- [Problem description] A faithful copy of all the data is required; pictures should not be included.

- [Data shown]
[Start of Attachment]

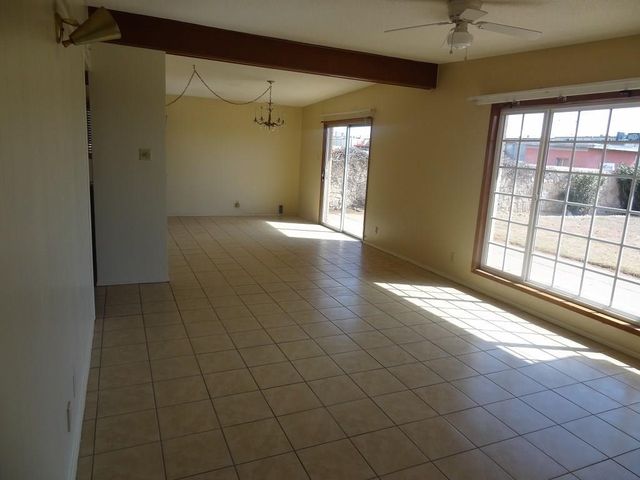 9752 BLUE WING Drive, El Paso, TX 79924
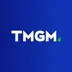 TMGM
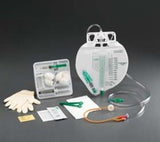 product image LUBRICATH® Urine Meter Foley Trays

[End of Attachment]

- [Solved problem]
 9752 BLUE WING Drive, El Paso, TX 79924
 TMGM
 product image LUBRICATH® Urine Meter Foley Trays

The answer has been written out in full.